Community banks are moving quickly from AI experimentation to real-world deployment. But as use cases expand, the institutions that benefit most won't be those with the most AI—they'll be the ones with the right controls, governance, and operational foundation to scale it responsibly.
“If we are not at the AI table, then we are on the menu,” observed a community bank CEO. A seat at the table can yield significant financial benefits, with direct NIM implications. For example, within three months of deploying a set of agents, a mid-size bank CFO eliminated $200K/month of back-office activities previously outsourced to an offshore partner.

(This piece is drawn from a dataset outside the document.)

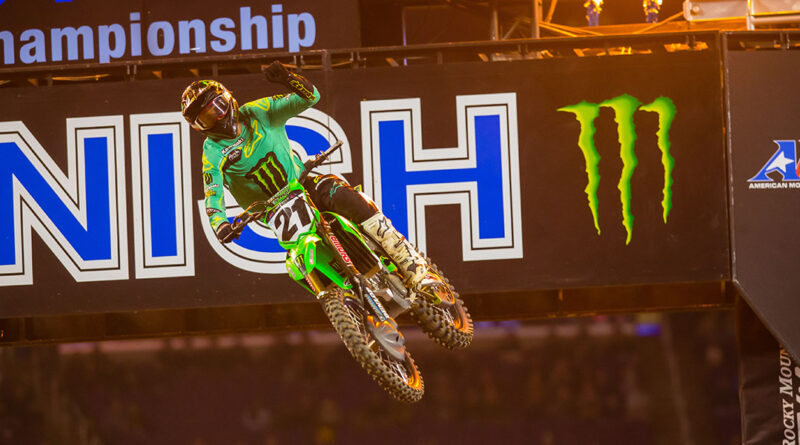 Jason Anderson hitting a jump in Minneapolis AMA Supercross | Credit: Jeff Kardas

On the other hand, without the right guardrails in place, AI can quickly surprise a bank with an outsized expense. A CTO recently equipped a team of engineers with AI tools to accelerate software development…only to discover that without boundaries in place, one individual consumed the entire firm’s 6 months’ worth of tokens, in the span of 3.5 hours.
Smartly structuring the use of AI agents is a skill itself…for example, equipping a manager agent with the skills to understand the business problem, along with access to find work already completed by other agents, reduces compute requirements…and the associated costs.
Without question, all banks benefit from experimenting with AI, in a controlled manner. When it comes to scaling and productionizing AI though, banks would be well-served to consider experienced partners and platforms, such as Fiserv’s agentOS, who will ensure the right throttles, approvals, and cost-effective architecture are in place before the dinner check arrives.
As institutions move beyond experimentation, many are realizing that AI alone is not the strategy. The real challenge is operationalizing intelligence across workflows, decisions, data sources, and governance structures in a way that produces measurable outcomes. That operational layer — connecting insight to action — may ultimately become more important than the models themselves.